REQUIRED ACTION — The response must reproduce every record in full.

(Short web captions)

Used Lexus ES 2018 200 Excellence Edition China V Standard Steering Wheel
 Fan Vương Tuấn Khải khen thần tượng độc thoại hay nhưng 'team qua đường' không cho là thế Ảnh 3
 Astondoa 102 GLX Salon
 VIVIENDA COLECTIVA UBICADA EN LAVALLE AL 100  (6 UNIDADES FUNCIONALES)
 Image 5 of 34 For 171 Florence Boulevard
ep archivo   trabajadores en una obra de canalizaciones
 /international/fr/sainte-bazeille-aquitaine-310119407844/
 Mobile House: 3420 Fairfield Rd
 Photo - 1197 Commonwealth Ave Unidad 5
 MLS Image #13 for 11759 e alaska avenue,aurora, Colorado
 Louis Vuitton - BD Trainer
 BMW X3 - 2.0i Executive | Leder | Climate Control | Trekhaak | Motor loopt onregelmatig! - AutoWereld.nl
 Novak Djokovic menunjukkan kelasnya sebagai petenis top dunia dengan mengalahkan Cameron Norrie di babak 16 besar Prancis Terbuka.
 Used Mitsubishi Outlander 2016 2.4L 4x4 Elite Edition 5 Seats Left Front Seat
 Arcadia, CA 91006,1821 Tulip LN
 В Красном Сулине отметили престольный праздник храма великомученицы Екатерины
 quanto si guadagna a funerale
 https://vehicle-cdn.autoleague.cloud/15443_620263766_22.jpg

PROBLEM SOLUTION —
Used Lexus ES 2018 200 Excellence Edition China V Standard Steering Wheel
 Fan Vương Tuấn Khải khen thần tượng độc thoại hay nhưng 'team qua đường' không cho là thế Ảnh 3
 Astondoa 102 GLX Salon
 VIVIENDA COLECTIVA UBICADA EN LAVALLE AL 100  (6 UNIDADES FUNCIONALES)
 Image 5 of 34 For 171 Florence Boulevard
ep archivo   trabajadores en una obra de canalizaciones
 /international/fr/sainte-bazeille-aquitaine-310119407844/
 Mobile House: 3420 Fairfield Rd
 Photo - 1197 Commonwealth Ave Unidad 5
 MLS Image #13 for 11759 e alaska avenue,aurora, Colorado
 Louis Vuitton - BD Trainer
 BMW X3 - 2.0i Executive | Leder | Climate Control | Trekhaak | Motor loopt onregelmatig! - AutoWereld.nl
 Novak Djokovic menunjukkan kelasnya sebagai petenis top dunia dengan mengalahkan Cameron Norrie di babak 16 besar Prancis Terbuka.
 Used Mitsubishi Outlander 2016 2.4L 4x4 Elite Edition 5 Seats Left Front Seat
 Arcadia, CA 91006,1821 Tulip LN
 В Красном Сулине отметили престольный праздник храма великомученицы Екатерины
 quanto si guadagna a funerale
 https://vehicle-cdn.autoleague.cloud/15443_620263766_22.jpg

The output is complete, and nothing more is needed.